Could you restate the entries below word for word and leave out the pictures?

────────────────

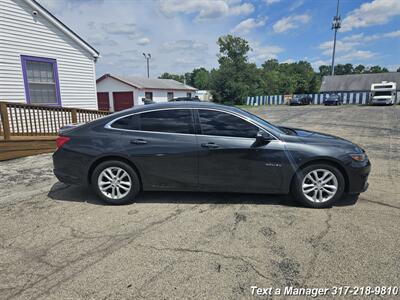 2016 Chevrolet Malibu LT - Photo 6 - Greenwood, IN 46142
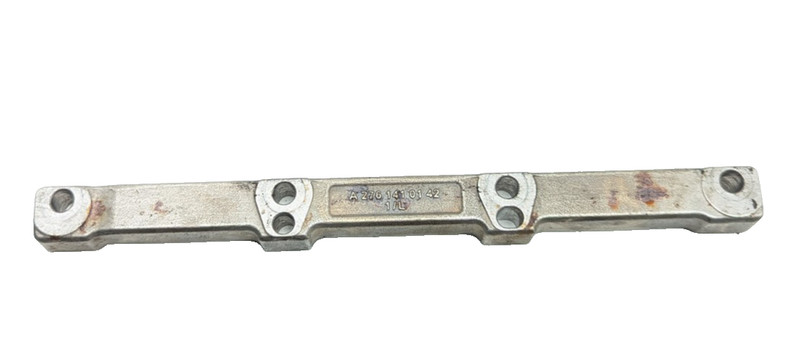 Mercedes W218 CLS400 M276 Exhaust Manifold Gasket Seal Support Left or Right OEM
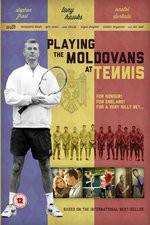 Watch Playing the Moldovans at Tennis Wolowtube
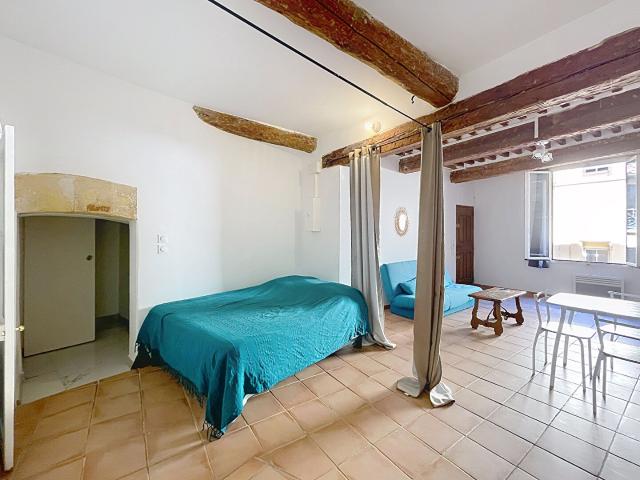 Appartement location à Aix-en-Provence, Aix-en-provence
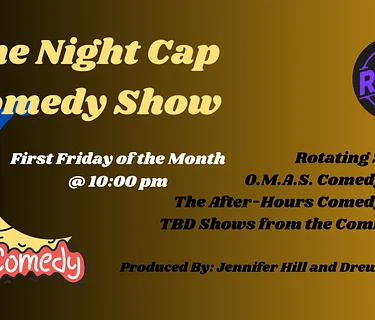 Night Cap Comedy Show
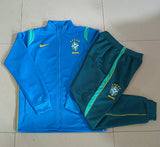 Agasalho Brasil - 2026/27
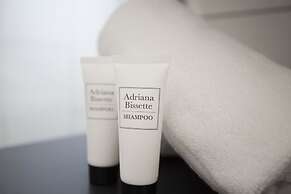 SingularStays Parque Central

────────────────

• _Solution to the exercise_
 2016 Chevrolet Malibu LT - Photo 6 - Greenwood, IN 46142
 Mercedes W218 CLS400 M276 Exhaust Manifold Gasket Seal Support Left or Right OEM
 Watch Playing the Moldovans at Tennis Wolowtube
 Appartement location à Aix-en-Provence, Aix-en-provence
 Night Cap Comedy Show
 Agasalho Brasil - 2026/27
 SingularStays Parque Central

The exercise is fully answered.